On the same day the Coalition successfully rammed through a windback of financial advice reforms by doing a “dirty deal” with the Palmer United Party, the Murray inquiry found conflicted remuneration structures “undermine” the ability of customers to get quality advice.
If it seems like the two are at odds, they are. No matter which way the government tries to play it, the changes to the Future of Financial Advice (FoFA) reforms are substantial and it is only the banks and a few other vested interest groups that support them.
Indeed Senator Mathias Cormann’s argument that the amendments to FoFA are designed to make advice more affordable by cutting red tape fails to recognise that the current structure of vertical integration is inherently conflicted. It also fails to recognise that cheap advice is good for nobody if the advice is bad or conflicted.
The reality is the Australian banking system is highly concentrated and the expansion of banks into wealth management in the past decade or so makes the issue of vertical integration of paramount importance.
The interim report into the finance system headed by David Murray looks at the concentration of banks and acknowledges the trend of greater vertical integration in the wealth management and superannuation sectors.

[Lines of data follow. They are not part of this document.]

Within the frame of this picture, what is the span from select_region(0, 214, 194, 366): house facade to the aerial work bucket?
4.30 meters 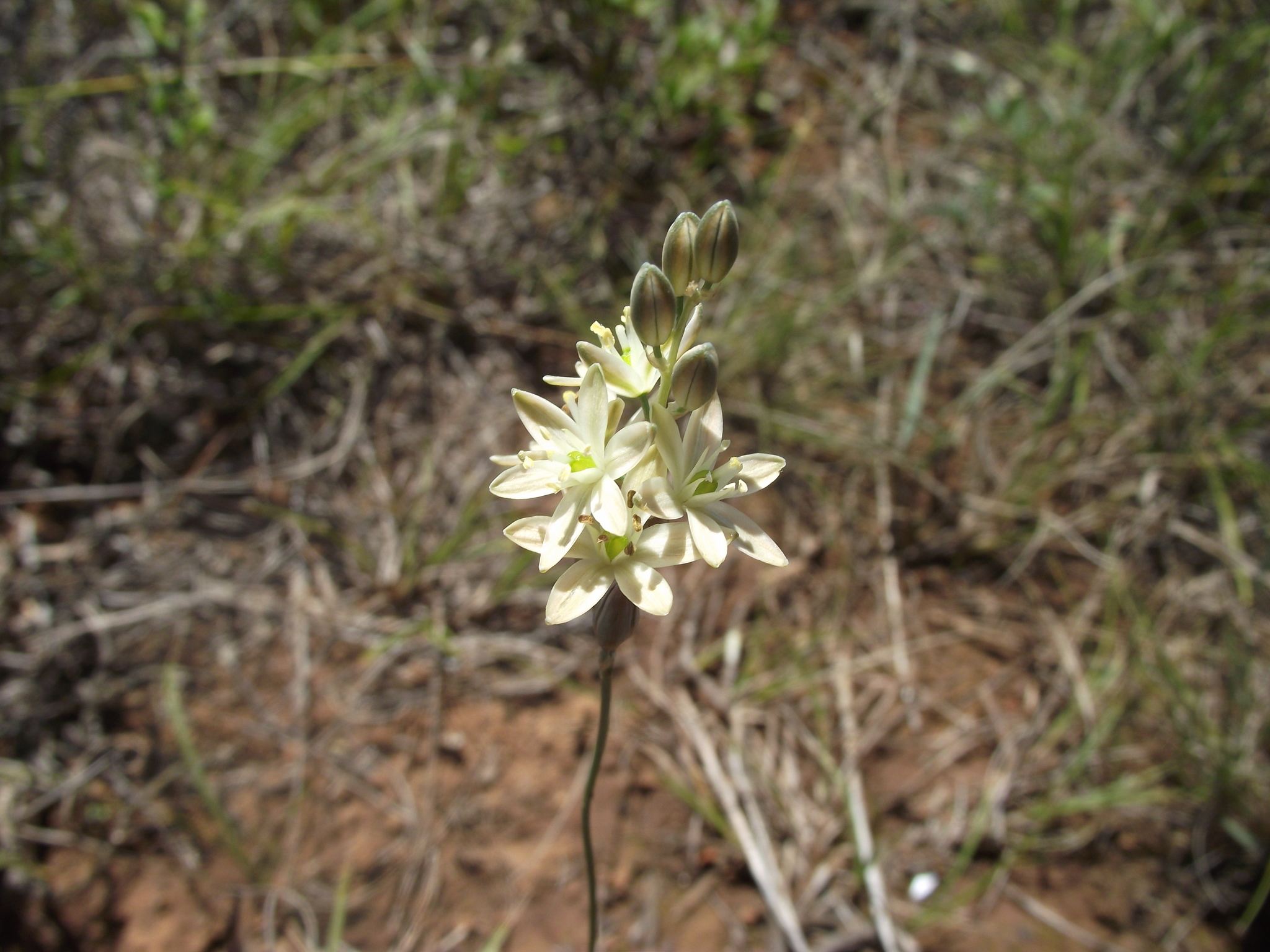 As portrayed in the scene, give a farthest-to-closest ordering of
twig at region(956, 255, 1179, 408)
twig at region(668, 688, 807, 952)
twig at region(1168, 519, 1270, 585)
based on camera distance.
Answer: twig at region(956, 255, 1179, 408), twig at region(1168, 519, 1270, 585), twig at region(668, 688, 807, 952)

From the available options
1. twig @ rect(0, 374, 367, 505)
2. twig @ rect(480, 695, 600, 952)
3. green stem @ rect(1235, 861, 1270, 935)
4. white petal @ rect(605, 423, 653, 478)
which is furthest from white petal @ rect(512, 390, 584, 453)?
green stem @ rect(1235, 861, 1270, 935)

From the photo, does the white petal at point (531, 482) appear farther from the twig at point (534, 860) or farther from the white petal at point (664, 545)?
the twig at point (534, 860)

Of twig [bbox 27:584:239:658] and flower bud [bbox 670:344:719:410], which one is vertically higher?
flower bud [bbox 670:344:719:410]

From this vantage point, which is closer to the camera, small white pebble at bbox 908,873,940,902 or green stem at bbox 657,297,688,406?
green stem at bbox 657,297,688,406

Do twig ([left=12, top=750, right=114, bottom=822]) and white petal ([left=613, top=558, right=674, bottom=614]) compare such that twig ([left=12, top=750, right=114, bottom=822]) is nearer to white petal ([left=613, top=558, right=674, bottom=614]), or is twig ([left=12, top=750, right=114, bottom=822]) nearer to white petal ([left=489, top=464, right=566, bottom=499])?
white petal ([left=489, top=464, right=566, bottom=499])

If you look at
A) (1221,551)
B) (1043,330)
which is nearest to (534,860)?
(1221,551)

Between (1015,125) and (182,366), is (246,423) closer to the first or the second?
(182,366) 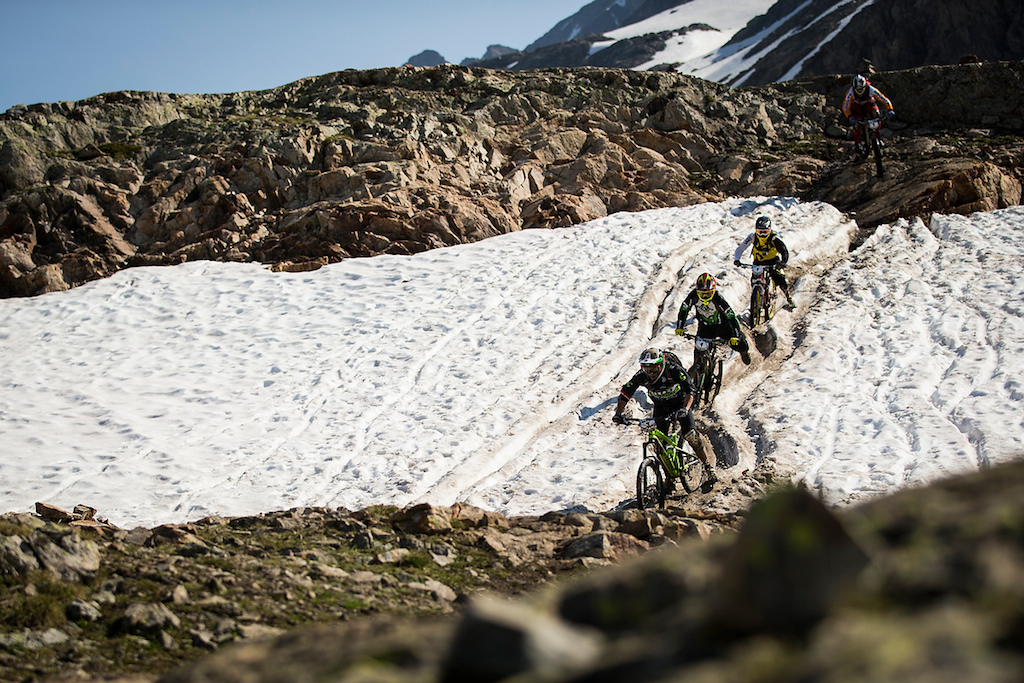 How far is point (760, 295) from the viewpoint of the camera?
1864 centimetres

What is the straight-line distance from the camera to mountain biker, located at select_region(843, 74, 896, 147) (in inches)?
1037

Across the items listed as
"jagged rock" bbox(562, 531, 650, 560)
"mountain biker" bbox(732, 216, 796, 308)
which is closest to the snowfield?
"mountain biker" bbox(732, 216, 796, 308)

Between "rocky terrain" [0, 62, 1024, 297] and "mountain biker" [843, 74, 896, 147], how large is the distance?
252 centimetres

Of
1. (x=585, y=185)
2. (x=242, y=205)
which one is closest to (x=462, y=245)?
(x=585, y=185)

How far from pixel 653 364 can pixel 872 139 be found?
69.8ft

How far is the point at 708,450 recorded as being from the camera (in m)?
13.7

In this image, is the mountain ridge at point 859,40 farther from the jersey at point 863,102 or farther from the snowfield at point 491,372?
the snowfield at point 491,372

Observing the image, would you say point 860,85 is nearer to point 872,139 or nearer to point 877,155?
point 872,139

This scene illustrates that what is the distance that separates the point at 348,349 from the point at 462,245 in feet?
26.3

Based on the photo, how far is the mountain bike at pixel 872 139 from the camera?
89.8 ft

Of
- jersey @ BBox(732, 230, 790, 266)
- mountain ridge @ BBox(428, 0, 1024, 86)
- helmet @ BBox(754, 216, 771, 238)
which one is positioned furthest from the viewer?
mountain ridge @ BBox(428, 0, 1024, 86)

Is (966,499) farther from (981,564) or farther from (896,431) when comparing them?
(896,431)

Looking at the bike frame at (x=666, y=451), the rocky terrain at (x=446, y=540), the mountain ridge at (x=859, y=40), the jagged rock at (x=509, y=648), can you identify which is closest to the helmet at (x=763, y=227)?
the rocky terrain at (x=446, y=540)

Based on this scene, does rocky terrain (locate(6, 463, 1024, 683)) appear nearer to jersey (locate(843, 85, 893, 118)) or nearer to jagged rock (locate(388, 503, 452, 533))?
jagged rock (locate(388, 503, 452, 533)) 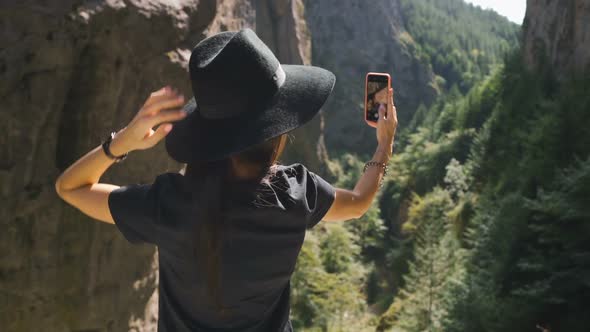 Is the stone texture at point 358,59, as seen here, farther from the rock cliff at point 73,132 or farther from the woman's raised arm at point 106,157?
the woman's raised arm at point 106,157

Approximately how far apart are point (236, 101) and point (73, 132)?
3379 mm

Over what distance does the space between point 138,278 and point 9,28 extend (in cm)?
262

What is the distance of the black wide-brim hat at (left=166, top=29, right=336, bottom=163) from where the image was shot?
145 cm

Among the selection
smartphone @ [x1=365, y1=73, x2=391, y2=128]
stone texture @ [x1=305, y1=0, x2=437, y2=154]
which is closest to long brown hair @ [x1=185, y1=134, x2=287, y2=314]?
smartphone @ [x1=365, y1=73, x2=391, y2=128]

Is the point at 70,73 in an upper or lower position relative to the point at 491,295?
upper

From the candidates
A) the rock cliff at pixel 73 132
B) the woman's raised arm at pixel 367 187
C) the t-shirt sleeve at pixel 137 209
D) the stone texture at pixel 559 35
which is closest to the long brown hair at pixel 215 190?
the t-shirt sleeve at pixel 137 209

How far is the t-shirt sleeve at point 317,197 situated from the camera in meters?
1.74

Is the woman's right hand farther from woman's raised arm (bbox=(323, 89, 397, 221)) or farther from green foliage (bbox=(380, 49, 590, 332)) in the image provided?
green foliage (bbox=(380, 49, 590, 332))

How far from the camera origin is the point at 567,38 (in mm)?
20531

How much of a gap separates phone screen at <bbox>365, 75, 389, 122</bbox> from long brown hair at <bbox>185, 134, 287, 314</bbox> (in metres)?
0.80

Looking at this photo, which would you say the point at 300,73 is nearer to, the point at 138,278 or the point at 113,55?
the point at 113,55

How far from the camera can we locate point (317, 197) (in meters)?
1.77

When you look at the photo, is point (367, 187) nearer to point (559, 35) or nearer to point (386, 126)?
point (386, 126)

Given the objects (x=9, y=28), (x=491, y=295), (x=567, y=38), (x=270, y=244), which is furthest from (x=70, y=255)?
(x=567, y=38) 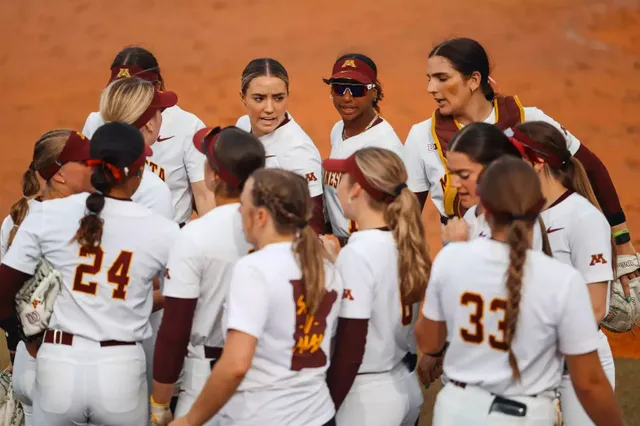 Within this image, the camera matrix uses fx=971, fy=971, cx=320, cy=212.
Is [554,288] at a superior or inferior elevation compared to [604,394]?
superior

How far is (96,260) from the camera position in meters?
3.92

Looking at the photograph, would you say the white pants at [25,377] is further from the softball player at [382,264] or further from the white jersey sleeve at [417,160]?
the white jersey sleeve at [417,160]

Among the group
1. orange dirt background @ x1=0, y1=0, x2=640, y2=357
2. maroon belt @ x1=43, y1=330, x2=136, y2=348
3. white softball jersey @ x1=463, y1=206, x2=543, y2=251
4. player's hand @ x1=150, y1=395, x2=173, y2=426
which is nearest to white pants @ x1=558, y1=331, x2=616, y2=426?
white softball jersey @ x1=463, y1=206, x2=543, y2=251

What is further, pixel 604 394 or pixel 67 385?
pixel 67 385

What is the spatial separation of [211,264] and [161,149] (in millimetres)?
2002

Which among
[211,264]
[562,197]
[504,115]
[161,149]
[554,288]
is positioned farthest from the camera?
[161,149]

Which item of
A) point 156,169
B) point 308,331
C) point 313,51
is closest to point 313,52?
point 313,51

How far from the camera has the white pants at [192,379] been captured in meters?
3.97

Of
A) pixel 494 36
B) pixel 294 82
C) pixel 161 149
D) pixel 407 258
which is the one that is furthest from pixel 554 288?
pixel 494 36

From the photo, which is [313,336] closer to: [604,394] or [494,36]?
[604,394]

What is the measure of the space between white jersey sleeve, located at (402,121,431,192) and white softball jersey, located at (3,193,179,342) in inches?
70.4

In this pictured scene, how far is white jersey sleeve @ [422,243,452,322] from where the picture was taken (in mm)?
3492

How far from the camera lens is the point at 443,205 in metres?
5.25

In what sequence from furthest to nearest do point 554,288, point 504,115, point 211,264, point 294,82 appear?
point 294,82
point 504,115
point 211,264
point 554,288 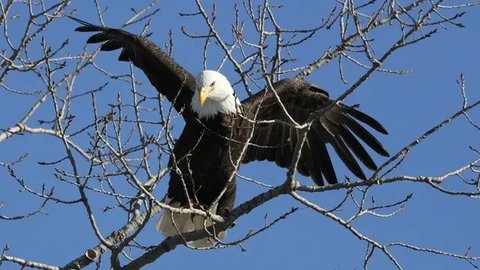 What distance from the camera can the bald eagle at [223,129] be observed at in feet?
24.2

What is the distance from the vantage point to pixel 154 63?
8.03 m

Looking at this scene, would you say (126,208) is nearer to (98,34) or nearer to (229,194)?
(229,194)

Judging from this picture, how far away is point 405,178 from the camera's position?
535 cm

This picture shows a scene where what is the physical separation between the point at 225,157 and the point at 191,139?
11.2 inches

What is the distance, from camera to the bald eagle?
290 inches

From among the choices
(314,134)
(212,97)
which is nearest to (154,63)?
(212,97)

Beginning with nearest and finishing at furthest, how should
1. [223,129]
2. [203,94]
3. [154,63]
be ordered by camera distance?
[203,94], [223,129], [154,63]

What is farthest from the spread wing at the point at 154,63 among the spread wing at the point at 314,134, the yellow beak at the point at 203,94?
the spread wing at the point at 314,134

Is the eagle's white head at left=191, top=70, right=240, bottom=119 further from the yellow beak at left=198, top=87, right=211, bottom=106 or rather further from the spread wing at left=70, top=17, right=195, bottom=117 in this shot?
the spread wing at left=70, top=17, right=195, bottom=117

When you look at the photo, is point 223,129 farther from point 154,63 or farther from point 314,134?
point 314,134

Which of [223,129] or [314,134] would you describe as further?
[314,134]

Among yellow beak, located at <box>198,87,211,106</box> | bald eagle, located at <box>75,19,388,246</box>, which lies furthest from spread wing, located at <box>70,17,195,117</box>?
yellow beak, located at <box>198,87,211,106</box>

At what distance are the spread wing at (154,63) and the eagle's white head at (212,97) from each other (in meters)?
0.28

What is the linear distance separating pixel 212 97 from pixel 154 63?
77 cm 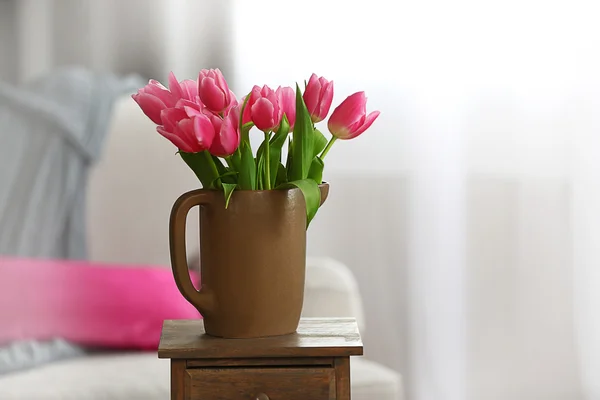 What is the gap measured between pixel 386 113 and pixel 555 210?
48 cm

However, it stops short of canvassing whether banks should own wealth management divisions or financial planners it seems to accept this structure and seems more intent on changing the disclosure of advisers so consumers can distinguish between those working in a vertically integrated empire and those who are independent.
In other words the interim report seems to be saying accept the problems and conflicts caused by vertical integration but make it easier for consumers to identify if the financial planner is employed or tied to a big institution such as a bank.
This is surprising given the Murray inquiry found that the superannuation system needed to be more efficient, has one of the highest operating costs in the OECD and “competition in the wealth management sector appears to be focused more on securing distribution channels and improving product features, rather than reducing fees”.
When all of this is married with the fact that the big banks dominate the wealth management sector and 80 per cent of the financial planning industry is owned by the major product providers and the massive conflicts of interest that creates, it paints an interesting picture about why the quality of financial advice is “variable”.
As former Commonwealth Bank financial planner and whistleblower Jeff Morris says: “For a big picture report of this nature to canvass secondary issues, such as merely distinguishing between ‘independent’ and ‘aligned’ advice, while ducking the fundamental underlying issue of vertical integration, is disappointing, to say the least”.
But all is not lost as the report concedes that more work is required between now and the final report to see whether vertical integration is reducing competitive pressures and contributing to higher superannuation fees. The report and the windback of FoFA lobbed on the same day Treasurer Joe Hockey told the party room the corporate regulator had “failed miserably” in its duty to protect CBA customers.
The reminder of what happened at CBA’s financial planning division and how the regulator failed to officially investigate the bank 16 months after Jeff Morris had warned it of misconduct and a widescale cover-up designed to dupe customers of compensation, made the Murray inquiry’s take on ASIC all the more interesting. It suggested the following options be considered: ASIC should have an autonomous budget and funding process, conduct periodic legislated independent reviews of its performance to make it more accountable, give it powers to ban products, lift the penalties for misconduct and refine the scope and breadth of ASIC’s mandate.
These are sound options but an effective regulator needs to be more than the regulation it is enforcing. It needs to have the right people working in its ranks. The inquiry makes the observation that regulators face strong competition for “top talent”. “Another hurdle is the perception that APRA and ASIC’s operational independence and effectiveness are unduly hampered by public sector operating constraints.” These are live issues that need to be addressed in the quest to build a regulator that is feared and respected.